Privacy Policy

About Ceptiv ApS

Ceptiv ApS operates as part of Acenta Group ApS with CVR number 37576476 and is located at Maglebjergvej 6, 2800 Kongens Lyngby, Denmark. The company processes personal data in strict accordance with the EU General Data Protection Regulation (GDPR), the Danish Data Protection Act, and the ePrivacy Directive as implemented in Denmark. Ceptiv ApS serves as the data controller for all personal data collected and processed.

Contact Information: Email: dv@ceptiv.net, Phone: +45 81 98 32 71, Address: Maglebjergvej 6, 2800 Kongens Lyngby, Denmark.

Your Rights

If you wish, you have the right to file a complaint directly with the Danish Data Protection Agency (Datatilsynet) at dt@datatilsynet.dk or through their website at www.datatilsynet.dk.

You have extensive rights under the GDPR and Danish law, including the right to access your data, request rectification of inaccuracies, demand erasure when data is no longer needed, restrict processing in specific circumstances, object to processing based on legitimate interests or for marketing purposes, and receive your data in a portable format. You can withdraw consent at any time without affecting the lawfulness of prior processing.
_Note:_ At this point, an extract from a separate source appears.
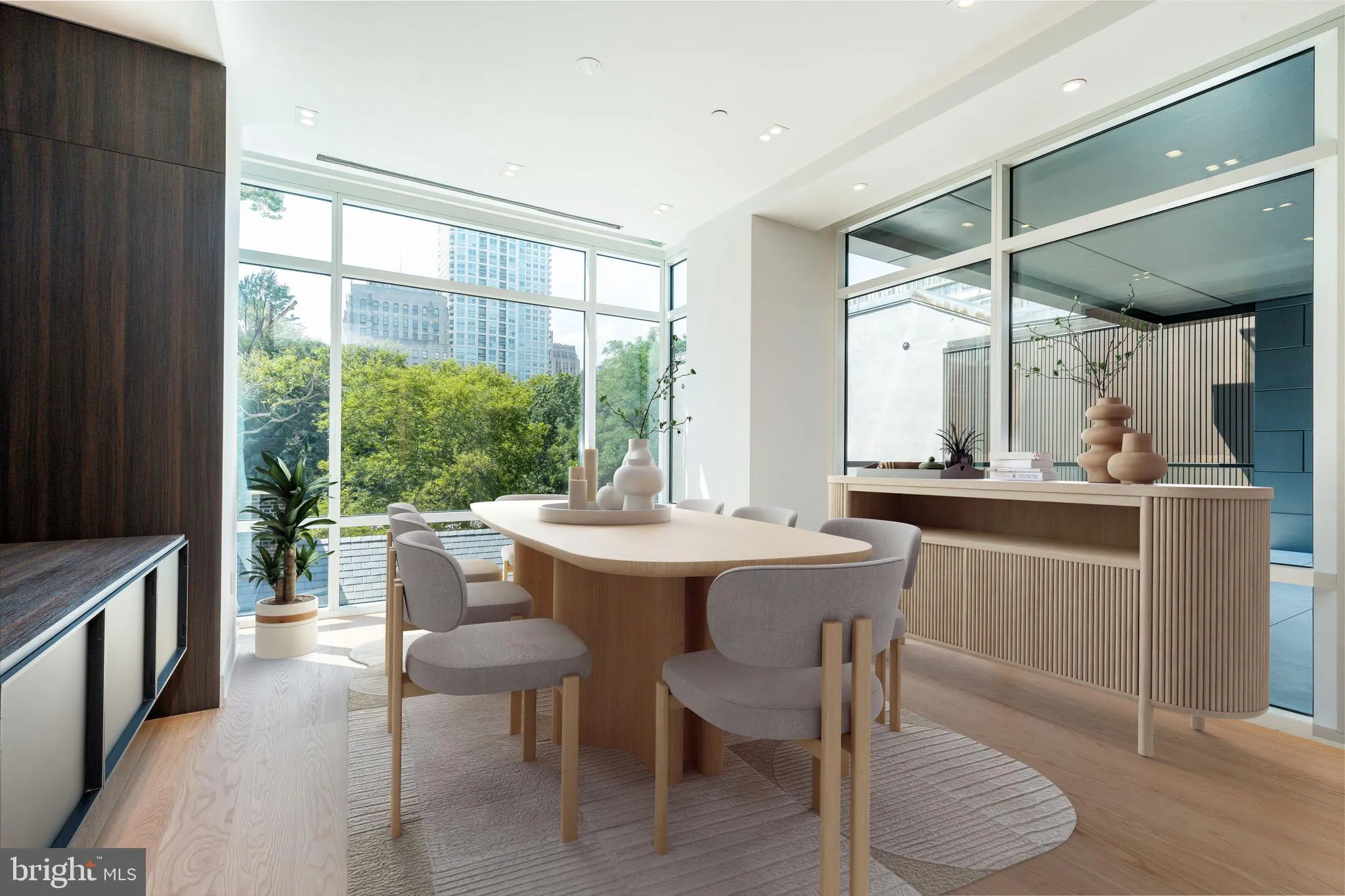 Philadelphia, Pennsylvania 19106, United States, 4 Bedrooms Bedrooms, ,5 BathroomsBathrooms,Residential,Active,122229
All requests are handled free of charge unless they are manifestly excessive, and the company responds within one month.

What Personal Data We Collect

Data You Provide Directly

When you request a quote, initiate a project, or communicate with our team, we collect your name, email address, phone number, company name, job title, billing address, business and project-related data such as descriptions of your needs and required integrations, and payment details for invoicing.

Automatically Collected Data

Through tools like Google Analytics, we gather usage data including your anonymized IP address, browser type, device information, visited pages, and interaction patterns on the website.

Client Panel Data

When you access the Client panel, we process login credentials and project status updates.
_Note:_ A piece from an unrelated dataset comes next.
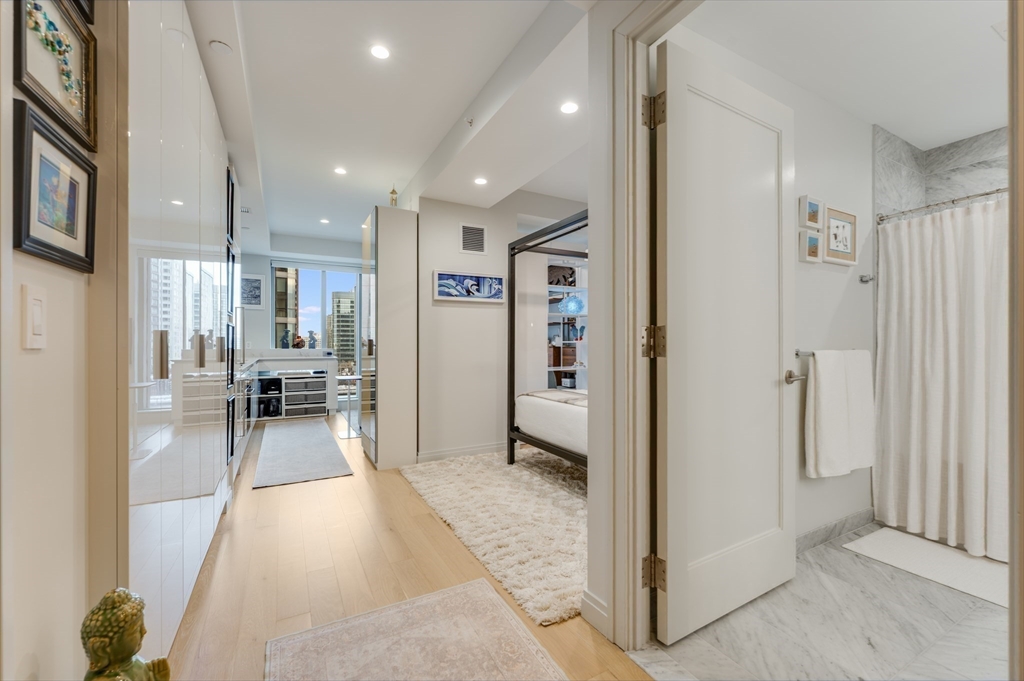135 Seaport Blvd # 818 Property Photo 9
We do not collect sensitive personal data unless it is strictly necessary for a specific project and you provide explicit consent.

How We Collect Your Data

Personal data is collected directly from you through website forms, emails, phone calls, or project consultations.

It is also gathered automatically via cookies and analytics tools on the website.

In some cases, data comes from third parties such as payment processors when you authorize such sharing.

How We Use Your Data

We process your personal data for several clearly defined purposes with appropriate legal bases under the GDPR.

Service Delivery

The primary purpose is to provide and manage the services, including delivering custom software solutions, handling integrations, performing maintenance, and overseeing projects and subscriptions through the Client panel. This is based on the performance of a contract or legitimate interests.

Quotes and Proposals

Processing offers and quotes within 24 hours is based on legitimate interests.

Analytics and Improvements

Website analytics and service improvements, including the use of Google Analytics with IP anonymization and Consent Mode, are based on your consent or legitimate interests.

Legal Compliance

Compliance with legal obligations such as five-year bookkeeping requirements and security measures are based on legal obligations or legitimate interests.

Marketing communications occur only with your consent.

Data Sharing & International Transfers

We share personal data only when necessary and with appropriate safeguards.

Trusted Processors

Data is shared with trusted processors such as Vercel for hosting, Stripe for payments, and Google for analytics.

Legal Requirements

It may also be shared within the Acenta Group ApS for internal operations or with authorities if required by Danish or EU law.

International Data Transfers

For Google Analytics, transfers to the United States are protected by Google's certification under the EU-US Data Privacy Framework, supplemented by Standard Contractual Clauses, IP anonymization, limited data retention of up to 14 months, and additional pseudonymization measures.

We never sell personal data to third parties.

Cookies & Tracking

Our website uses cookies for essential functionality and non-essential analytics through Google Analytics.

Cookie Compliance

Non-essential cookies are placed only after you provide prior, granular, informed, and active consent via a clear cookie banner that allows easy rejection or withdrawal at any time. This is in full compliance with Danish guidelines from Datatilsynet and Digitaliseringsstyrelsen.

Essential cookies for session management do not require consent.

Data Retention

Personal data is retained only as long as necessary.

Project and contract-related data is kept for up to five years after termination to meet Danish bookkeeping obligations.

Analytics data is retained for up to 14 months in line with Google settings.

Marketing data is kept until you withdraw consent.

All data is securely deleted or anonymized once the retention period ends.

Data Security

We implement robust technical and organizational security measures in accordance with GDPR Article 32, including encryption of data in transit and at rest, strict access controls and authentication, regular security backups, and pseudonymization where appropriate.

In the event of a personal data breach, we notify Datatilsynet within 72 hours if the breach poses a high risk and inform affected individuals when required by law.

Policy Updates

This Privacy Policy may be updated from time to time. Changes will be posted on the website along with the new effective date. Significant updates will be communicated via email or prominent notice on the site.